The last movie came out last year, and it hit me quite hard, the fact that there would never be anything “HARRY POTTER” again, well, apart from Pottermore , the buzz around which made me nostalgic, and resulted in me writing this.
I still remember the day I picked up the first book. It has been ten years since and I don’t think I’ll ever be done reading.
You see, I grew up with Harry and his friends. I used to dream of what it would be like to go Hogwarts. I used to pick up random twigs and twirl them around to see if something would happen because the ‘wand chooses the wizard’. Harry Potter was one of the cementing factors in my friendship with my friends. We used to play Harry Potter games for months on end at lunch-times in school. I can never forget going to buy the books on the first day at 6 a.m., before the bookstore even opened. We used to discuss the plot obsessively and which poster of Harry’s to put up in our rooms, equally obsessively. We used to randomly quiz each other on obscure facts like Lockhart’s favourite colour and the ghost of Hufflepuff and Dumbledore’s full name and answereverything. I remember reading the books even during my tenth board prep holidays and my Dad asking me if I was writing a special exam on Harry Potter, and brightening up at the thought. Yes, I was that obsessed.

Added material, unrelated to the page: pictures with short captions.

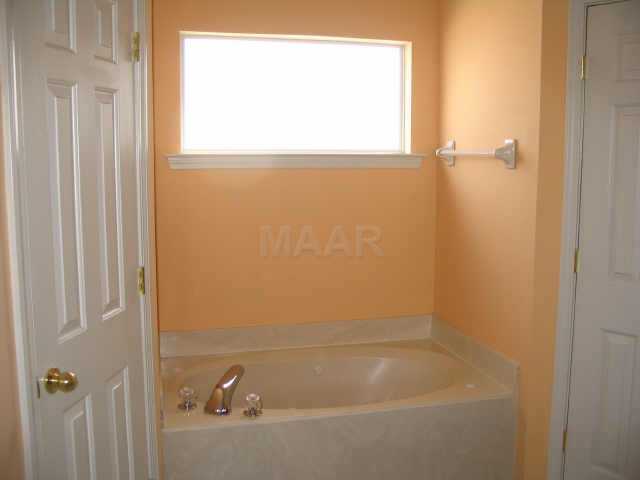9763 Riggin Drive Memphis, TN 38002 - Photo 6 of 6 Whirlpool in Master Bath
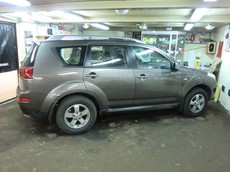 Установка сигнализации Peugeot 4007 2012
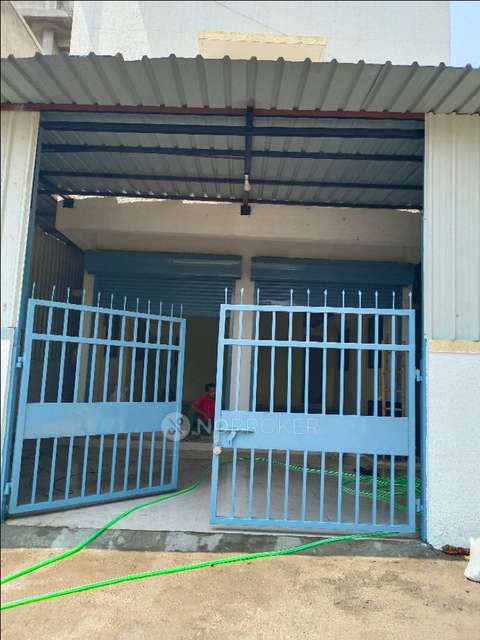 Shop in Kasturi Market, Pune for Rent 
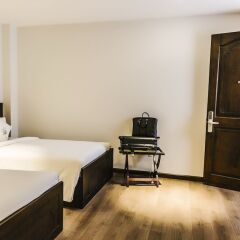 Lan Lan 2 Hotel сейф в номере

Then, the movies. Sure, I was disappointed with a few, outraged at a few, but it was Harry Potter after all, so I watched everything. I still haven’t watched the last part. I’m savouring the very last Harry Potter thing that I can do for the first time again. This is not just the end of the Harry Potter movies or Pottermania as we know it. This is the end of my childhood. Thank you J.K.R. for one of the best constants in my life. For Harry, for Hermione, for Ron, for Fred and George and the whole wonderful fantastic world of Harry Potter. Thanks for letting this muggle in.
And no, I haven’t watched the movie still, because then, the world as we know it, wouldn’t be the same anymore, would it?